Regions with significant populations
- Dungannon, Portadown, Lurgan, Cookstown, some in Belfast

Languages
- Tetun, Portuguese, English

Religion
- Primarily Christianity (Roman Catholicism and other)

Related ethnic groups
- East Timorese people

= Timorese in Northern Ireland =

Timorese in Northern Ireland are a recent group of immigrants who primarily live around the towns of Dungannon and Portadown. The first Timorese migrants who moved to Northern Ireland arrived in the late 1990s after being hired through a Northern Irish recruitment agency at recruitment fairs in Portugal. The 2011 Northern Ireland census recorded 894 residents born in East Timor.

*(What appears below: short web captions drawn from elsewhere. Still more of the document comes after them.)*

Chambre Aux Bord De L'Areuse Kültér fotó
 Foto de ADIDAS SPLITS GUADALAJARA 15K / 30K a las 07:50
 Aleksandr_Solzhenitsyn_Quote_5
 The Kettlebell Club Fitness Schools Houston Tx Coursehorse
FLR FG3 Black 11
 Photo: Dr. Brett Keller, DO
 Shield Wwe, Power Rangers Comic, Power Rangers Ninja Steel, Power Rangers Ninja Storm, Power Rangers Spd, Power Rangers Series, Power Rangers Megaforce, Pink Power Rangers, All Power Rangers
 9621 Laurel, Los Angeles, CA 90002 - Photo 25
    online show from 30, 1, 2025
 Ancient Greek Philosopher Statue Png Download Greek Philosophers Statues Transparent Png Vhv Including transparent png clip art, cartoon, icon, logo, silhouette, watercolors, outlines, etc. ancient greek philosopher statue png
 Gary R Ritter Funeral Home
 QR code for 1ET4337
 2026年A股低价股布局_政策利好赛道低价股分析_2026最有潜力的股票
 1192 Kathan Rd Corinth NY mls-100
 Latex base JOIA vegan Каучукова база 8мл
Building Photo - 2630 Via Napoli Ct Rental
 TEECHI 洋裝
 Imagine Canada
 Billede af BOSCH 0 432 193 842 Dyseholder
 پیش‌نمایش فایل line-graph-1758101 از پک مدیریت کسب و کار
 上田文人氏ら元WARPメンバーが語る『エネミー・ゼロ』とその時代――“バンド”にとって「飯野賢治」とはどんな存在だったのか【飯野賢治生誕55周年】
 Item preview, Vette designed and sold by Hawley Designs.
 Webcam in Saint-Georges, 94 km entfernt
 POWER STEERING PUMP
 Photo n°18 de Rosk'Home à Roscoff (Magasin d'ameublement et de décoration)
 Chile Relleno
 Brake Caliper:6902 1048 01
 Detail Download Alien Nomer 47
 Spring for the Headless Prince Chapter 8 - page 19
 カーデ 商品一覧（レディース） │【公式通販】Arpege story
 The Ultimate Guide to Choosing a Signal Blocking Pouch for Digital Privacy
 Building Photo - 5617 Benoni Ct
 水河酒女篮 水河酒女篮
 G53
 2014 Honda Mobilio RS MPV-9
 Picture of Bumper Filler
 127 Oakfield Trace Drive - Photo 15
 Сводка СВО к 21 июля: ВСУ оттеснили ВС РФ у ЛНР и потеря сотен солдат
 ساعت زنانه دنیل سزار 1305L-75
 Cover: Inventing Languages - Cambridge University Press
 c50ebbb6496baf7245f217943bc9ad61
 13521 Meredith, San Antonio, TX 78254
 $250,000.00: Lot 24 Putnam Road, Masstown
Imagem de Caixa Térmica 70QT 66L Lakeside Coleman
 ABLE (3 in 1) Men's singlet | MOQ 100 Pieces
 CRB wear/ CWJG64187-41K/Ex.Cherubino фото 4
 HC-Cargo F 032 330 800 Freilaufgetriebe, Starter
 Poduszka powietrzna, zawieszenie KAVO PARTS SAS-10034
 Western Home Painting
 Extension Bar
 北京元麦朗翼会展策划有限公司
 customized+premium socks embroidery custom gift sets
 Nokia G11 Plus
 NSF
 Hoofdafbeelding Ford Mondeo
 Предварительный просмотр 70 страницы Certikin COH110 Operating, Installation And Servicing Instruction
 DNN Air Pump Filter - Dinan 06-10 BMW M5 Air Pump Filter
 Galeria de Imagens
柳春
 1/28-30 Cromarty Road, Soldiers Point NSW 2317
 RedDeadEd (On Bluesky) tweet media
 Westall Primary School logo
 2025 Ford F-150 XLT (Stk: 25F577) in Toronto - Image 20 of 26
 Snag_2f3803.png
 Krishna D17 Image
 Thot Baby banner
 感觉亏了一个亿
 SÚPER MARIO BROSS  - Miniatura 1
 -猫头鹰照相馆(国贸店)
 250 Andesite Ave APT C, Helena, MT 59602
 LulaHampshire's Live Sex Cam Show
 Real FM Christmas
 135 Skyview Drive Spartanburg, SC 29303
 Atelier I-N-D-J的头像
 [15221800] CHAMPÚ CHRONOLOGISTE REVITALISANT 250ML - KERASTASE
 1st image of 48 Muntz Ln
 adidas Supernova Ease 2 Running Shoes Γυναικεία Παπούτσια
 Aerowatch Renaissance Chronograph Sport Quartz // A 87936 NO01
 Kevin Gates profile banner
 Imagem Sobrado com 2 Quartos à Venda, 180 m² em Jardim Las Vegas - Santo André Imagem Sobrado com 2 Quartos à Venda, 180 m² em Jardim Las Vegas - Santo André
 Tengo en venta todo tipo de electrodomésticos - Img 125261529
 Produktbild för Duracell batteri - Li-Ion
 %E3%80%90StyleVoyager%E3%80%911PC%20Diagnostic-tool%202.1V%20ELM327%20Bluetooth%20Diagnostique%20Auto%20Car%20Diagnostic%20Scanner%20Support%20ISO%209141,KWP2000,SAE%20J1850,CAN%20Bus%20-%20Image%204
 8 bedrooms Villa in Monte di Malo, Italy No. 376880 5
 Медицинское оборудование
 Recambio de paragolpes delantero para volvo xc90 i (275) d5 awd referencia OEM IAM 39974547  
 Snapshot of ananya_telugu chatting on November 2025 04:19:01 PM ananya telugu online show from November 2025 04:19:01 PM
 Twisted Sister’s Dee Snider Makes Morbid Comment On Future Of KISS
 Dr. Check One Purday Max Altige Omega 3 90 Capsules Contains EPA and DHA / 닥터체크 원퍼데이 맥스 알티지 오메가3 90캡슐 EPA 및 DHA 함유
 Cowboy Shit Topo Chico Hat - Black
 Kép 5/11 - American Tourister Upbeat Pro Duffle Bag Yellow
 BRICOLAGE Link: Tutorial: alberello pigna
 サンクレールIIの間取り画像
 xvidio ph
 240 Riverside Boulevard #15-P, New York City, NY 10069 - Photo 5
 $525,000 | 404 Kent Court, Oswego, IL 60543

A 2014 newspaper article estimated their population to be "several thousand".

==Livelihoods==
Most ethnic Timorese in Northern Ireland primarily work as butchers working for companies such as Moy Park and Dungannon Meats.

==Targets of violence==
As they are mostly Catholic, the East Timorese community and other immigrants have occasionally been attacked by Ulster loyalists, including in 2011 when violence in Portadown caused hundreds of Timorese residents to flee. There have also been reports of other immigrants and ethnic Timorese residents clashing.

==Relationships with other immigrants==
Dungannon has a population of many other Portuguese speaking immigrants, especially from Portugal, Brazil, and Mozambique. Many of the Portuguese-speaking residents celebrated together after Portugal's triumph in the UEFA Euro 2016.